For young children with Down syndrome, cerebral palsy, and other developmental disabilities, learning to walk can be a long-term process. And in the meantime, the children find it hard to keep up with their peers, which increases their social isolation.

A team of biomedical engineering majors, working with Leah Talbot, a Rochester area physical therapist, believes it can address both issues with an inexpensive, “hybrid” walker that will be portable enough to accompany the children wherever they go.

“This is right up our alley,” says Joe Cappotelli ’18, whose senior design project teammates are Hyun Choi ’18, Devon Foggio ’18, and Daniel Myers ’18. “We’re all in the biomechanics track of biomedical engineering. And it’s a fun project, to be able to think about ways we could help these children in the future.”

When the team surveyed what is currently available, they found “go-baby-go” cars — ordinary toy cars turned into personalized vehicles for young children with disabilities. These enable the 3- to 5-year-olds to keep up with their peers, but aren’t that helpful from a therapeutic standpoint, because they don’t require the children to actually propel themselves.

Walkers used in clinical settings, on the other hand, are often bulky and expensive: great for therapy, but not for keeping up with more mobile playmates, or for taking home.

“We’ve created sort of a hybrid of the two,” says Myers. “This allows them to move around but also practice walking at the same time.” And, Foggio adds, at a more reasonable cost compared to the therapeutic devices used in clinical settings, which range from $700 to $1,200. The walker the students have designed would only cost $150 to 200, they estimate. “We wanted to find an in between,” Foggio says.
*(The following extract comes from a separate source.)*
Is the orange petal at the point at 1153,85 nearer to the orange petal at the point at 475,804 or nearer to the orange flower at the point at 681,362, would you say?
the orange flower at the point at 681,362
The walker consists of a frame of relatively light-weight plastic tubing, an adjustable harness in the center to support the child, steering column, and a motor/gear box/rear axle assembly to propel it.
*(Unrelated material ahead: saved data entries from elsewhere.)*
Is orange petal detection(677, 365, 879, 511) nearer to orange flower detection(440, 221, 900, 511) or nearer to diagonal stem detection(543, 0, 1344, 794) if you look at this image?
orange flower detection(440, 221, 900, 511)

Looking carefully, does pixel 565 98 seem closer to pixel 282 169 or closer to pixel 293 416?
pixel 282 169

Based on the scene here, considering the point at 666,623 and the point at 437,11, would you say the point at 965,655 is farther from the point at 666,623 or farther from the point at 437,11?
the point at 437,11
Design team students, from left, Jennifer Choi ’18, Dan Myers ’18, Devon Foggio ’18, and Joe Cappotelli ’18 take their walker prototye for a test run in Goergen Hall with the help of Louisa Buckley, 3. (University of Rochester photo / J. Adam Fenster)
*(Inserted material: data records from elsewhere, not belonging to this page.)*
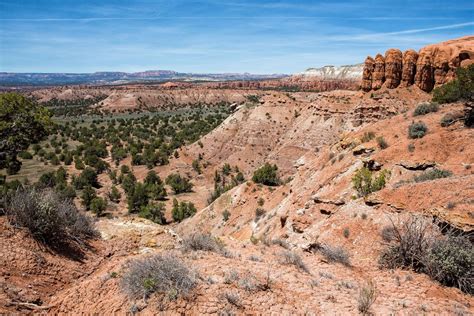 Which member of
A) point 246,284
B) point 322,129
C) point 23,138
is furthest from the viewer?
point 322,129

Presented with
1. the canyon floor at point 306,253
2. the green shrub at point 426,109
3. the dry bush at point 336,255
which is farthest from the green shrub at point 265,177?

For their initial prototype, the students worked with penciled sketches and parts scavenged from play vehicles. “We had good ideas for each of components independently, but the struggle was getting everything to work together,” Myers says. The final steering column, for example, was designed with CAD drawings, then fabricated with 3D printing.

This is the second year that Talbot has worked with a biomedical engineering senior design team on a project.

“Last year’s project was a treadmill with partial body weight support that I had heard about at a conference and was interested in trying with some of the children on my caseload,” Talbot says.  “When I spoke with the presenter at the conference, she suggested the possibility of contacting a local university’s engineering department, as they are often looking for interesting projects.”

This year’s team “has definitely come up with a very unique idea to help children with motor delays learn to walk in a fun and active way,” Talbot says.  “Ideally this motorized walker will allow these children to access their environment to play with their peers while improving their cognitive, motor, and social skills.”

In its current iteration, the walker could fit into an SUV, team members say. With further modifications, they hope, it will fit in the trunk of a car.

“Hopefully we can make it affordable enough so that children could practice on them in a clinicians’ office, but their parents also could purchase them for the children to use at home,” Cappotelli says.